Note: Justice Thomas was the other dissenter. While I don't agree with his minors-have-no-speech-rights theory, at least it's consistent with Morse. Let's save the scary implications of that position for another day.
Justice Breyer's dissent forced me to don a strange expression, a mixture of confusion and embarrassment (a look I normally reserve for public moments of gastric distress). As I was reading Justice Breyer's defense of the California video game law, I was waiting to read the words - Super Psych, or at the very least an embedded link to Cool Story, Hansel! This couldn't be the same Justice Breyer who called BS in the HLP dissent, who tore apart the majority's claims of least restrictive means and advancement of a compelling purpose. Justice Breyer's dissent in Humanitarian Law Project chided the majority for applying a Strict-in-name-only Scrutiny (I will not use SINO-scrutiny in this blog post, but I am oh so tempted) and allowing the material support statute to survive a facial challenge. He then went on to apply only intermediate scrutiny and still strangled the statute for lack of a mens rea requirement (albeit in dissent).

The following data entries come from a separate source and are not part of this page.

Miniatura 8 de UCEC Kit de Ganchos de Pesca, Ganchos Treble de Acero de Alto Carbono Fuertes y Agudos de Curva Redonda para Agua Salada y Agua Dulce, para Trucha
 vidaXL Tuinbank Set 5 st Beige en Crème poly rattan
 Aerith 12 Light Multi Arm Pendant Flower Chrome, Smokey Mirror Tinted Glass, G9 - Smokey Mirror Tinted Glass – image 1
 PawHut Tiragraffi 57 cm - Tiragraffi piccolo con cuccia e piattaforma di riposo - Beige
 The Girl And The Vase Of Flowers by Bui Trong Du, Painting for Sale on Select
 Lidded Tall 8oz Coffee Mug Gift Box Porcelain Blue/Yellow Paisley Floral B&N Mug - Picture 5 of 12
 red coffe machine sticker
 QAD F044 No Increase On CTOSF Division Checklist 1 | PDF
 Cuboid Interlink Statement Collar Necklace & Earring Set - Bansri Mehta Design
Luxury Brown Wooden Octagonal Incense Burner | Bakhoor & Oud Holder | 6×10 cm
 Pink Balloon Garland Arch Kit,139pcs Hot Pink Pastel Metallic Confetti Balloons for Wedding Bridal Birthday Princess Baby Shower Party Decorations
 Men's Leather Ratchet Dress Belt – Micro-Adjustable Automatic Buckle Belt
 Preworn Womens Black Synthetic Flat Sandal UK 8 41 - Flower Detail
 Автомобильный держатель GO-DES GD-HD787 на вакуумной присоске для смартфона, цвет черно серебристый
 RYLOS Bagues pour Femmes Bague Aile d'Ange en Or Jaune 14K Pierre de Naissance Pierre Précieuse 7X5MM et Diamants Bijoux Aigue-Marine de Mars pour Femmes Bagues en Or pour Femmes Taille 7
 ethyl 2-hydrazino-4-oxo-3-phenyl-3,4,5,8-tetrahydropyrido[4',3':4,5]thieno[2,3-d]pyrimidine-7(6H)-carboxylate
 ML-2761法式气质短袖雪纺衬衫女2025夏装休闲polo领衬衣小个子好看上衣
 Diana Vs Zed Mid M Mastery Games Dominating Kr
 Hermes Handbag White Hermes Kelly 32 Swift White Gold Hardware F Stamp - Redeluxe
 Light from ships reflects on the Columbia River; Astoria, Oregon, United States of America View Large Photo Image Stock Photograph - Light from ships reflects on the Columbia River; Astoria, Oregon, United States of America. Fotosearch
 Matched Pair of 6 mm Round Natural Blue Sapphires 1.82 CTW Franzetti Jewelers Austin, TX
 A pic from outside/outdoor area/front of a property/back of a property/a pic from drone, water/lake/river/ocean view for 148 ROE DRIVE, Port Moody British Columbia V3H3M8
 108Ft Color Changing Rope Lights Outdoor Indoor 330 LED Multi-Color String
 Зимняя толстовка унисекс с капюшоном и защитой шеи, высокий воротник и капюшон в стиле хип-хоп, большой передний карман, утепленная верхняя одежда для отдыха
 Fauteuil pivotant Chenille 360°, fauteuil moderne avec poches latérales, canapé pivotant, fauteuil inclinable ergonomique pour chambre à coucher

But here, Justice Breyer was fine with CA's attempt to shoehorn violent video games into a Miller framework, finding that the statute was narrowly tailored and served a compelling interest. What? How did this happen? After Justice Breyer dispenses with the vagueness issue, he finds that the statute is narrowly drawn, because it "prevents no one from playing a video game, it prevents no adult from buying a video game, and it prevents no child or adolescent from obtaining a game provided a parent is willing to help." But surely there is a burden on game makers, surely this law is practically designed to slow the creation and sale of violent video games generally. Wouldn't this prohibit game sales to adults lacking ID? Do we really think this won't chill the purchase or production of these items? One can always come up with a less restrictive way; that's why, before HLP, Strict Scrutiny was a statute death sentence.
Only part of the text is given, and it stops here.